Telemedicine & Your EHR

Telemedicine allows practitioners to capture the data they need remotely, which they then document, organize, and share in their EHR platform. According to Dr. Kubitschek, telemedicine can make using an EHR even better because you can collect and record patient information during virtual appointments without being intrusive to the patient.
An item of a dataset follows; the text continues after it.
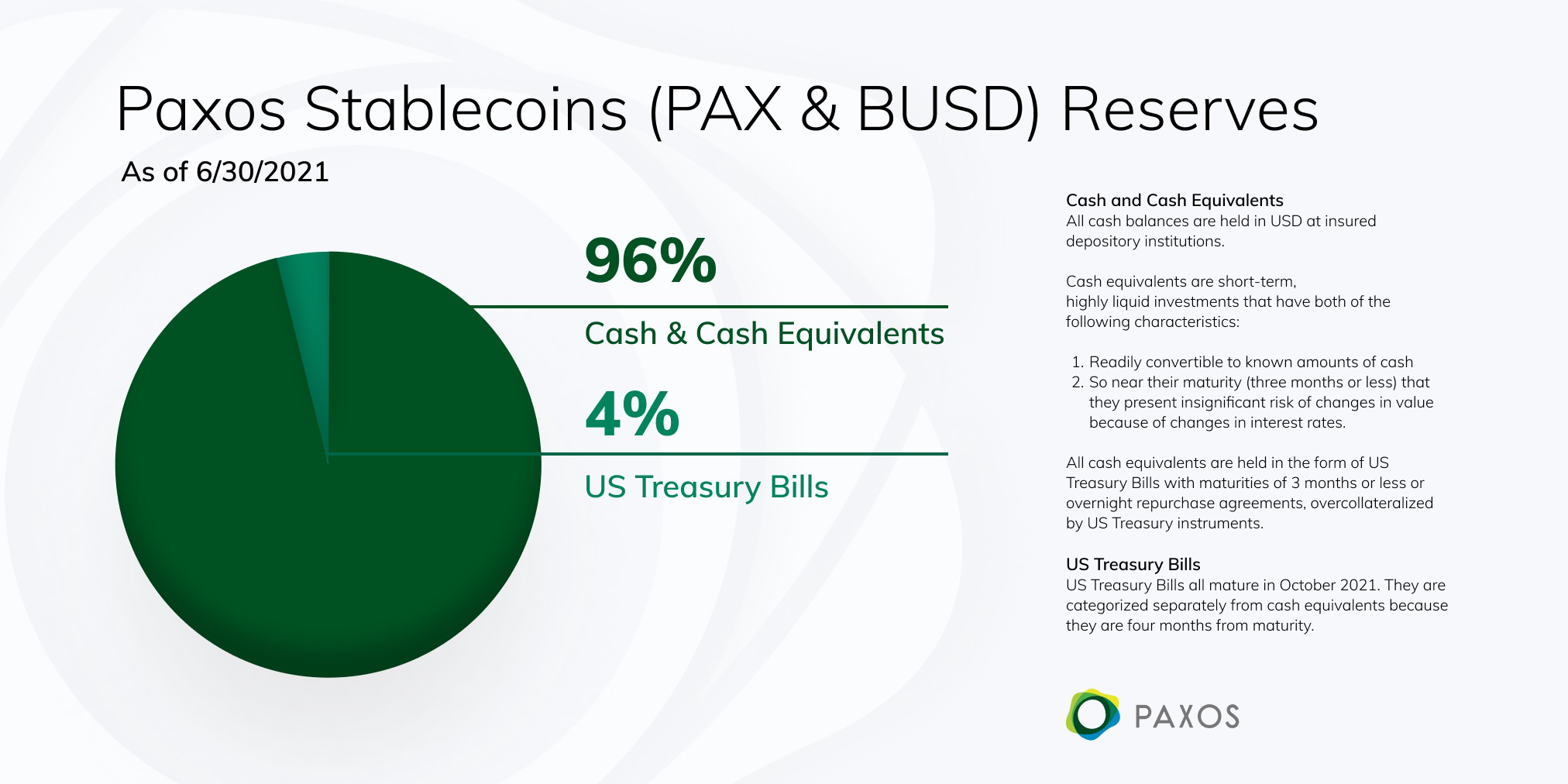 免费USDT/USDC游戏推荐/注册送币链游大全/边玩边赚新选择USDT钱包收款：矿工费用详解及注意事项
And if your EHR is “intuitive and user-friendly” like GEHRIMED, it allows you to share information easily during telemedicine visits.

“For instance, GEHRIMED lets you send questions or information to facility nurses when you’re entering data,” he said. “You can say that a patient has a problem, such as difficulty swallowing, that should be followed up on.” It’s important to be able to do this in real time so that that nothing gets lost or delayed.

Finally, before jumping on the telemedicine bandwagon, consider how to implement virtual visits with the least amount of workflow interruption possible. (It helps to have an easily integrated EHR). Ensure that all practitioners and team members involved with the telemedicine services receive the training necessary to be both comfortable and competent before rolling out the technology to patients.

Regardless of your previous use of telemedicine, it’s clear that this technology is a powerful tool for long-term and post-acute care practices right now, and it shows real promise for the future.